It's important to make sure you understand how to recovery from scenarios before they happen.
Data is stored in PostgreSQL, ClickHouse and Kafka. At a minimum you should have backups of PostgreSQL and ClickHouse, these are crucial to PostHog. Kafka stores the incoming analytics events which are then persisted into ClickHouse.
Note: in order to work, ClickHouse and Kafka use Zookeeper as distributed key value store and locking service. While Zookeeper doesn't host any data related to PostHog it's a core dependency of the overall stack.
PostgreSQL stores your PostHog instance configuration and authentication/authorization.
We recommend that you use a provider that supports backups.
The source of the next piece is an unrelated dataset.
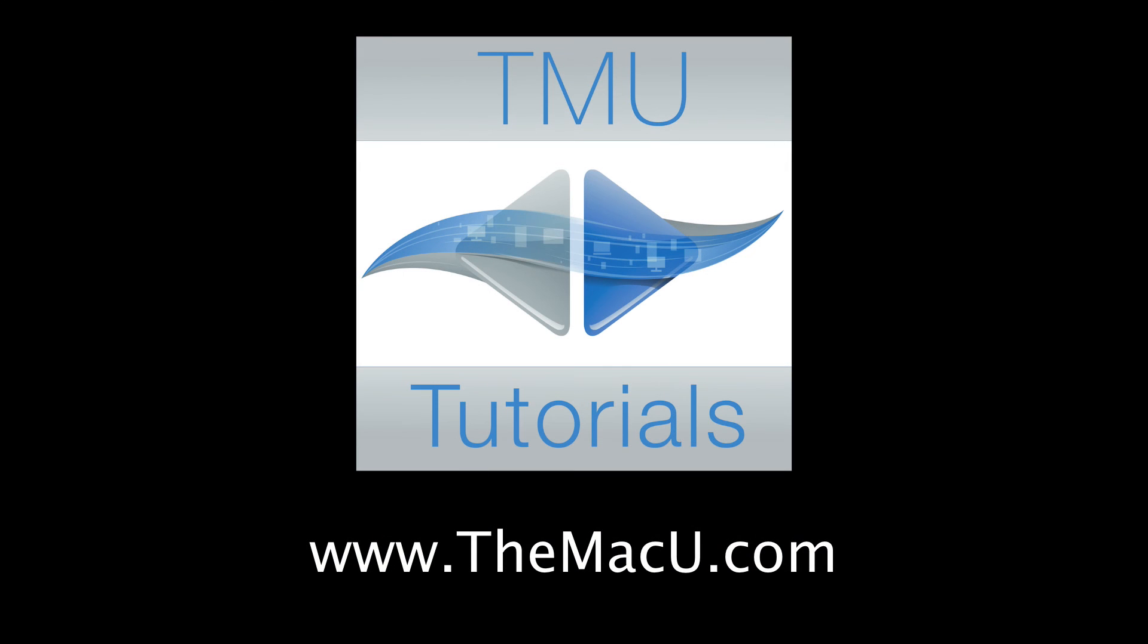Learn much more about your Mac, iPad, and iPhone with all the tutorials available within the TMU Tutorials app. Go to TheMacU.com to learn more. Thanks for watching.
For example, AWS RDS will handle backups and restores for you. Other cloud providers offer similar services.
For ClickHouse, see our ClickHouse backup runbook.
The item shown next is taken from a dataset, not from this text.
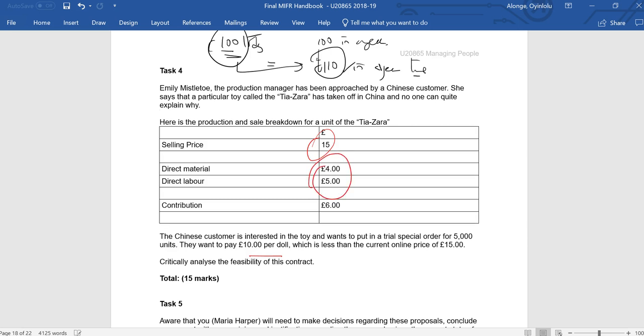So the key point here is this topic really, this area covers what we refer to as marginal costing. So the argument really is that when we're making short-term decisions, because by now we've probably broken even, we've covered our fixed costs if you like, so we can start to play with the selling price. We've discussed this several times.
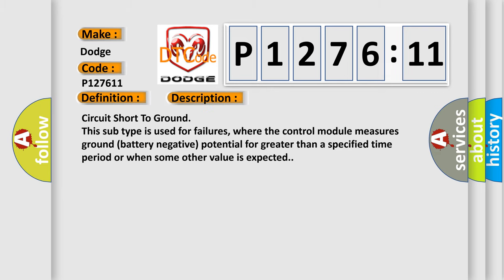Circuit short to ground. This subtype is used for failures where the control module measures ground (battery negative) potential for greater than a specified time period or when some other value is expected.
ClickHouse consumes from Kafka using a static consumer group. Make sure that you only ever have one cluster consuming at a time. When bringing up a cluster from backup it is a good idea to ensure that the consumer cursors are reset such that the cluster consumes any events in Kafka that may be missing from your ClickHouse the backup.
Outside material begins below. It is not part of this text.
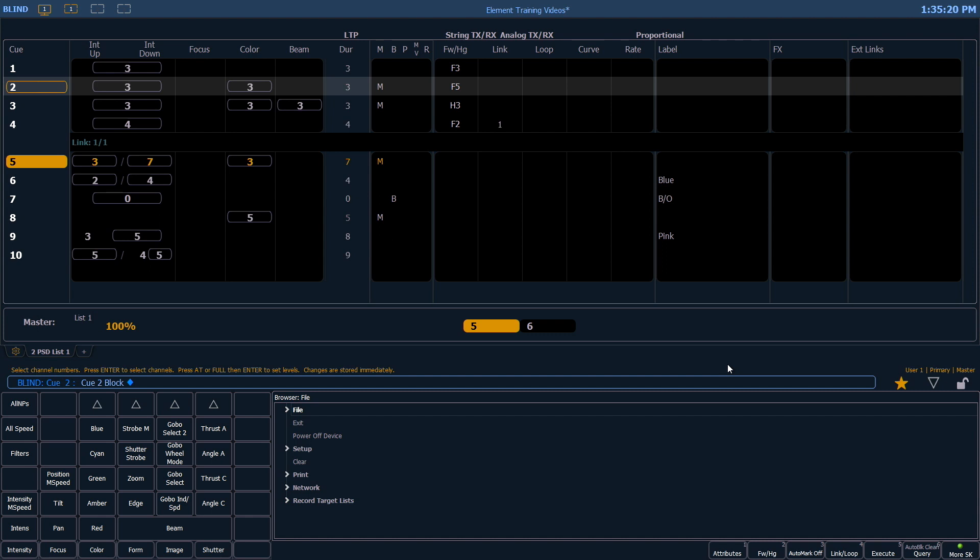There's another tool to clean auto blocks, and that is the auto block cleanup tool. And that allows you to clean up not only a queue, but ranges of queues and individual channels. And there's more information on auto block cleanup in the future videos of this series.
Kafka is the first place events are persisted before being consumed by other services, and ultimately ending up in ClickHouse. Solutions exist for streaming this data to long term storage. For example, with AWS you can use either the Lenses.io S3 Kafka Connector or AWS Kinesis Firehose.
If PostHog is consuming events to ClickHouse in good time, you should not lose much in case of a Kafka failure, so it may be a risk that you want to accept.
ZooKeeper is a centralized service providing distributed synchronization. It is a core dependency of both ClickHouse and Zookeeper.